The holidays. They’re here. They’ve got me thinking of pine trees, and pinecones. And I’m wishing for snow. I’ve had a tiny bit of snow already, but I’m ready for more.
This is Virginia pine, Pinus virginiana. I live in a cabin, in the Blue Ridge Mountains, in central Virginia. There are plenty of Virginia pine up here, in part because it is a pioneer plant. Pioneer plants will take over abandoned farm fields. Fifty and sixty years ago these mountains had very few trees. Even in the higher elevations, such as where I live, there were fields of corn, as far as the eye could see. As the corn fields were abandoned, pioneer plants, such as Virginia pine and black locust, took over. There are many other trees up here now, as the older trees, that took over the fields, mature, and make way for other tree species, as the forest matures.
Virginia pine is native from southern New York state, through the Appalachian Mountains, on into Tennessee and Alabama. The tree is small to medium sized, growing to 40 or 60 feet tall. With optimum growing conditions, a tree may reach 100 feet. The tree will tolerate, quite easily, very poor sandy soil, but prefers loam or clay.
The cones on Virginia pine will stay on the tree for several years. Small birds and mammals will eat the seeds from the cones. White-tailed deer will eat the branch tips and needles. The young pines provide shelter for small animals and are a popular tree for woodpeckers, because of the soft wood.
In the picture below, a red-breasted nuthatch is eating pine seeds.
The bark of Virginia pine is a mosaic of loose plates, reddish brown in color. A typical pine bark. The needles, twisted, bundled in pairs, 1.5 to 3 inches in length.
My husband and I may choose to cut a Virginia pine, as our Christmas tree this year.

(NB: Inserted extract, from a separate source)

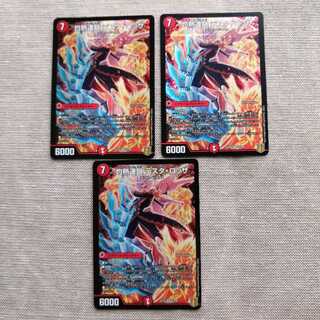 灼熱連鎖 テスタ・ロッサ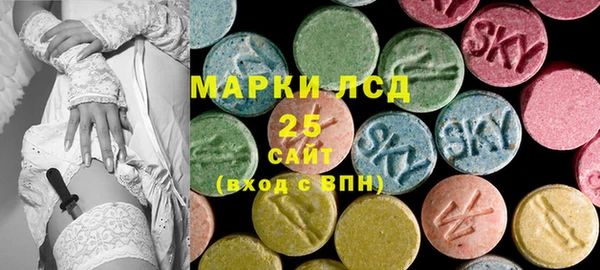 кристаллы Пересвет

Surely there is one that is just the perfect size and shape. If things go as they usually do, we will wait until it is extremely cold and snowing to bring the tree in from the forest. Cold with blowing snow, perfect weather for cutting down a Christmas tree. I hope that, at the very least, we will have tromped through the woods, and selected and marked which tree will grace our great room, while the weather is pleasant. That being done, the cutting ceremony will be short and sweet, though very cold!
This monarch butterfly, in a picture from early July of this year, may be hinting at its choice for our Christmas tree. I think I’ll give this tree serious consideration!